(The UN and INDEPENDENCE MOVEMENTS – continued)
Japan was still In Vietnam in March 1945, when it revoked its treaty with France regarding Indochina and moved against the French there. The Japanese disarmed and imprisoned the small French force, seized administrative offices, banks, communications centers and industries. In June, under the noses of the Japanese, guerrillas known as the Viet Minh established revolutionary committees across the country. Under Communist leadership it established a provisional government. It abolished forced labor (the corvée), began training local militia and began giving to peasants the lands that had been owned by the French.
Relations between the Viet Minh and Americans were good, the Viet Minh having helped downed American pilots and U.S. military intelligence appreciating the Viet Minh's struggle against the Japanese.
On August 21, 1945, a few days after the war with Japan ended, Charles de Gaulle flew to Washington. There he talked with President Truman for about seven hours and pledged eventual self-determination for France's dependencies. Concerning Indochina, Truman spoke of the U.S. not opposing a French return – amid de Gaulle's assurances that independence would be granted after the pre-war status quo was restored – as the U.S. had planned for the Philippines.
On August 25, the Viet Minh took control of Saigon, and Japan's puppet emperor there, Bao Dai, abdicated to the provision government of the Viet Minh. On August 28 the Democratic Republic of Vietnam was announced. On September 2, the president of the provisional government, Ho Chi Minh, read the Declaration of Vietnamese Independence to a crowd of 500,000 gathered in Hanoi. And Ho Chi Minh appealed for recognition by the Allied powers.

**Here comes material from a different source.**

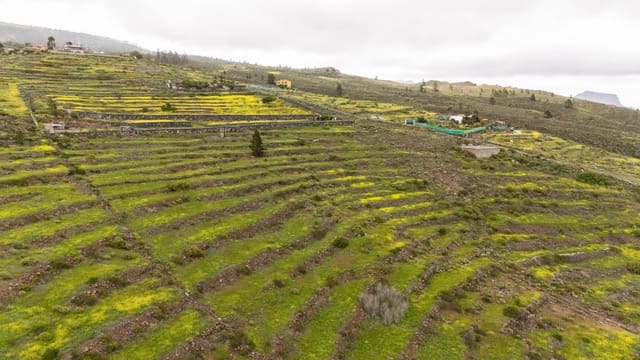 Landgrundstück zu verkaufen in Las Moraditas, Adeje - 96.000 € (Ref: 8961587)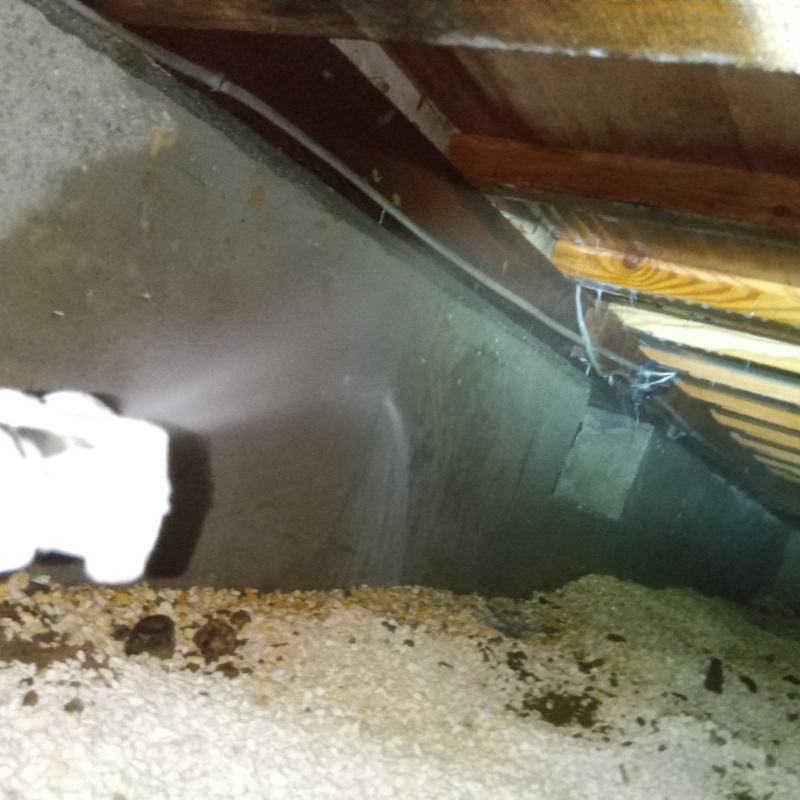 床下の基礎にシロアリ駆除剤を散布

On September 12, British troops arrived in Saigon to receive the surrender of the Japanese and to find out what was happening in Vietnam. The Viet Minh did not want to start killing the British and instead tolerated their presence. But fighting did erupt against the French, and, on September 22, the British took it upon themselves to free French troops who had been imprisoned by the Japanese.
In accordance with an Allied agreement, Chinese troops arrived in North Vietnam. Their purpose according to the agreement with the Allies was to restore order. It was another faulty Allied decision. The Nationalist Chinese were not to contribute to order in Vietnam but to chaos. They did not interfere with Ho Chi Minh's government, but they were seen by the Vietnamese as a swarm of locusts, stealing what they could.
Eighty thousand French troops arrived at Saigon in early October, with orders from de Gaulle to stay in the southern half of Vietnam. By December, the French controlled the southern half of Vietnam – to the 16th parallel. In March 1946, after having accomplished nothing, the Chinese in Vietnam returned to China, where they had problems enough.
Ho Chi Minh was seeking favor from the Allied powers. Rather than warring against Westerners, he wanted them to recognize his government and Vietnam's independence. With the French he entered into discussions. The French recognized Ho as Vietnam's chief of state and Vietnam as a part of an Indochinese federation and the French Union. In May, 1946, France's commissioner in Vietnam, Admiral Thierry d'Angenlieu, proclaimed northern Vietnam for Ho and the Viet Minh and he proclaimed south Vietnam as "Provisional Republic of Cochin China." The Vietnamese felt they were being betrayed. Talks between Ho and the French broke down.
In November the French tried to seize the custom's office at the port of Haiphong, near Hanoi. In December, French naval units, claiming that they had been attacked, bombarded the city, killing 6,000. The United Nations stood by as war in Vietnam progressed. Ho warned the French that "for every ten men that you kill, we will kill one of yours. It is you who will have to give up in the end." Ho Chi Minh and the Viet Minh returned to guerrilla warfare.